Cape Town - It’s 3:30am in Philippi East. It’s cold and the road is wet from the light showers that fell an hour earlier. It’s also very dark, pitch black in some corners because of the sparse street lighting. One of the tall masts used to light up the township is completely dead. It’s quiet and calm. If you didn’t know any better, you’d say it’s peaceful. And then the banging starts. “Police! Open the door!”
In this early morning crime prevention operation, it looks like hundreds of police officers are patrolling Philippi East in search of criminals. Western Cape SAPS described it as a “lock-down search and seizure operation” in a tweet.
Officers carrying assault rifles and torches are split into groups spread throughout the township. Much banging accompanies the officer’s shouting for doors to be opened. Dogs belonging to the residents begin barking in unison. (There are police dogs too.) It sometimes takes a while for residents to open up. An officer can be heard assuring a resident that they really are the police.
Last weekend, 11 people were murdered in this township: six women and five men were found shot dead. Minister of Police Bheki Cele has since visited, promising action. In meetings with him residents have demanded more policing.
Philippi East is one of many areas in Cape Town dealing with a serious gangster problem. Since November 2018, over 2,300 people have been murdered in the Western Cape. On Thursday, Cele announced that the South African National Defence Force (SANDF) will be deployed to Western Cape crime hotspots. The SANDF was not present on Thursday night’s operation though; it is expected to be deployed on Friday at 2pm (just after this article is published). News24 has listed areas where the SANDF will be used.
#sapsWC The Deputy Minister of Police Cassel Mathale, National Commissioner General #Sitole and Senior Management were also present at the parade before #SAPS members were deployed for an operation in Philippi East. NP pic.twitter.com/DjeinuPK9z
As the night moved on, police searched residents in pyjamas and underwear. Some residents stood outside their homes with their hands tightly around their waists, shivering from the cold.
“How many are you?” an officer asks insistently, while another searches a different home lifting mattresses, opening cupboards and pots. Closets and shoes are rummaged through. Some of the homes searched belong to backyarders living in one-bedroom shacks. A woman lies in bed while police question her partner. One officer lifts a roof of a shack to peek through while another tries to kick a door open.
“We’re so scared because we know how dangerous this place is,” says a women whose house was searched. She asked not to be named. She said that she is a security guard and only gets home at 1am. Her daughter and husband are now also awake at 4:17am. When she first heard the knocking, she thought it was gangsters.
She is okay with police raiding her home, but she says that they should knock nicely. “It’s for our safety,” she says while a police officer stands close by listening to our conversation.
Attempts to speak to two other residents were unsuccessful. They didn’t want to speak to a journalist.
It’s unclear if the police had warrants or another form of legal authority to conduct the raids.
Police searched vehicles on the night raid.
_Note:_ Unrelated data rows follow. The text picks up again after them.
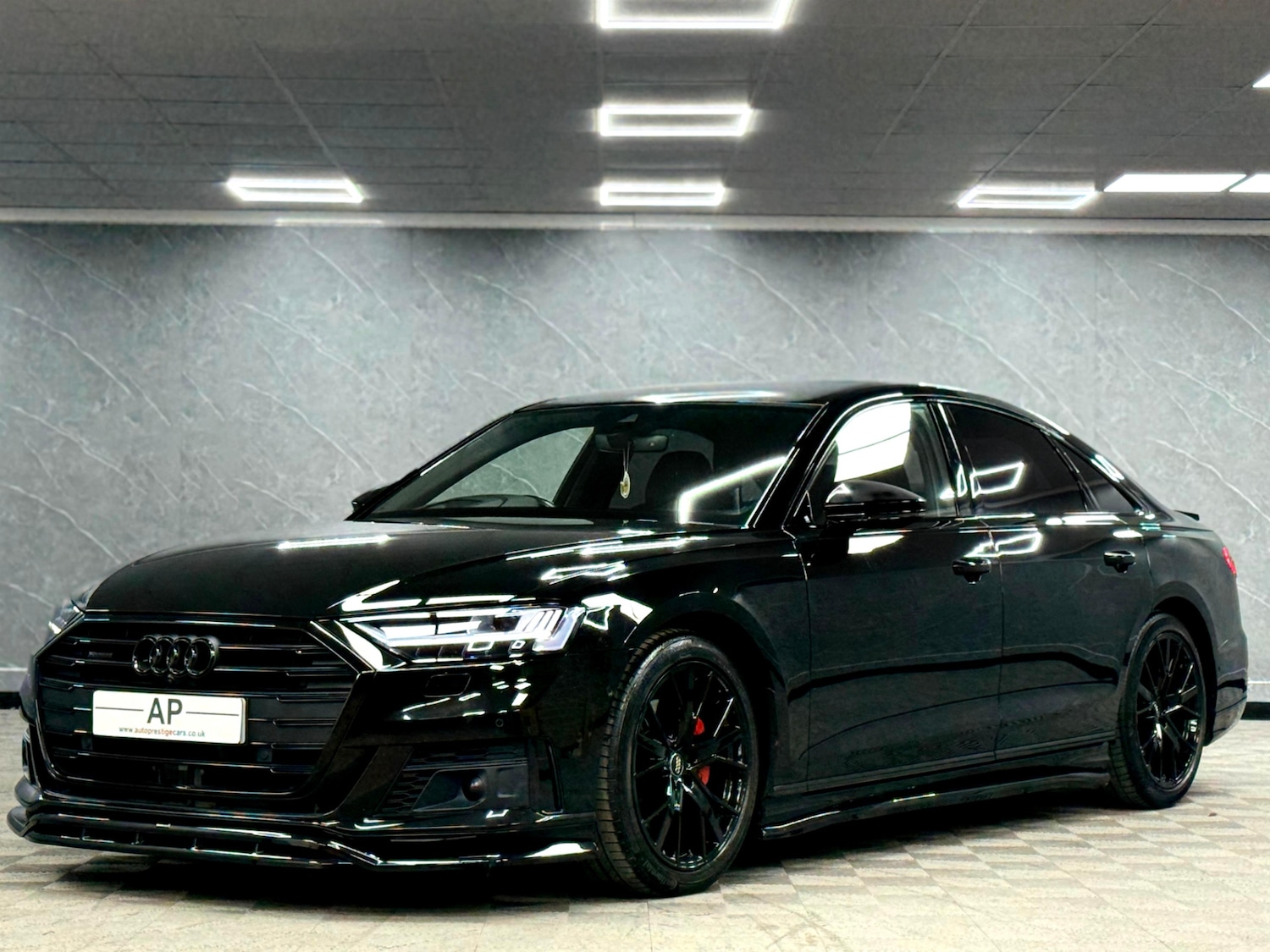 Used Audi A8 2020 for sale - 76446130: Photo 13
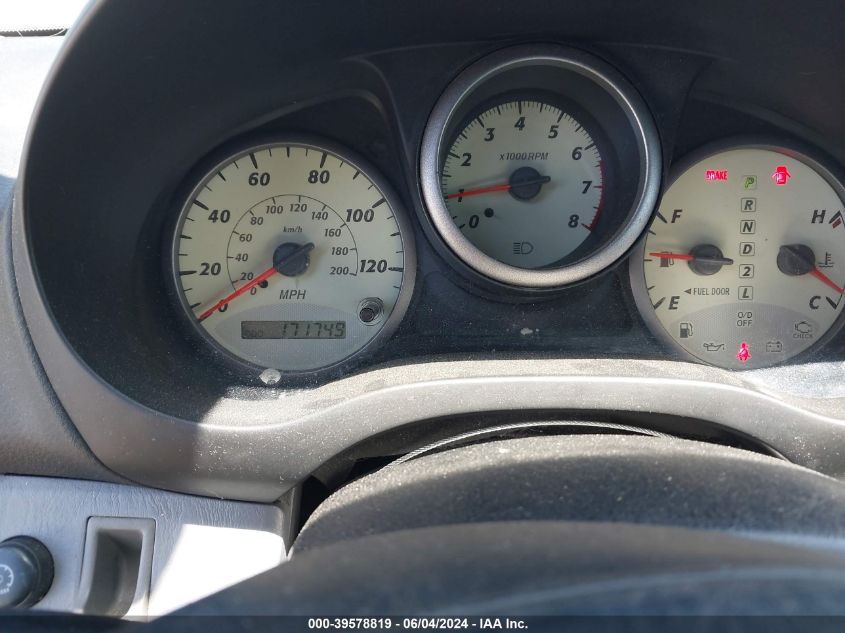 2002 Toyota Rav4 VIN: JTEHH20V626020302 Lot: 39578819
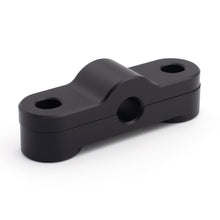 Load image into Gallery viewer, BLOX Solid Rear Shifter Bushings Civic EF/EG/EK (88-00) Integra (90-01) 2 piece - Raw / Black - Black Alternate Image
Photo: Ashraf Hendricks
As morning approached, vehicles started to make their way onto the streets, still in the dark. Taxis were now being searched. One driver and about six of his passengers were asked to step out and put their hands on the vehicle. They were all searched and released.
Because of the large area covered by the operation it is unclear if any arrests were made. (SAPS had not responded to our questions by time of publication.)
“The current situation is unprecedented, and we need to be taking unprecedented steps to ensure that people are safe,” said Alan Winde, Premier of the Western Cape. In a statement, Winde welcomed the deployment of the SANDF. “Last weekend alone, 55 deaths by gunshot or stabbing” were recorded in the province, he said.
Winde said that the “SANDF has been authorised to observe, cordon off and search, conduct vehicle and foot patrols, and provide air support which will also help to identify drug manufacturing labs”.
Will all this help reduce the violence on the Cape Flats? Or will it dissipate with time, with little to show for it?